Assignment: Every line of the data must be set down exactly as shown.

Given material:

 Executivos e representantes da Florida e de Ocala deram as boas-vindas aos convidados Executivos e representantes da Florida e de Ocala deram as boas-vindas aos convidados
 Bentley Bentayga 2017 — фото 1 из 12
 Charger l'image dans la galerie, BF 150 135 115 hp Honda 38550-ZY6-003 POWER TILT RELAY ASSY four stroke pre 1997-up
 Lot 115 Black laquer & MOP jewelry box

Result of the task:
 Executivos e representantes da Florida e de Ocala deram as boas-vindas aos convidados Executivos e representantes da Florida e de Ocala deram as boas-vindas aos convidados
 Bentley Bentayga 2017 — фото 1 из 12
 Charger l'image dans la galerie, BF 150 135 115 hp Honda 38550-ZY6-003 POWER TILT RELAY ASSY four stroke pre 1997-up
 Lot 115 Black laquer & MOP jewelry box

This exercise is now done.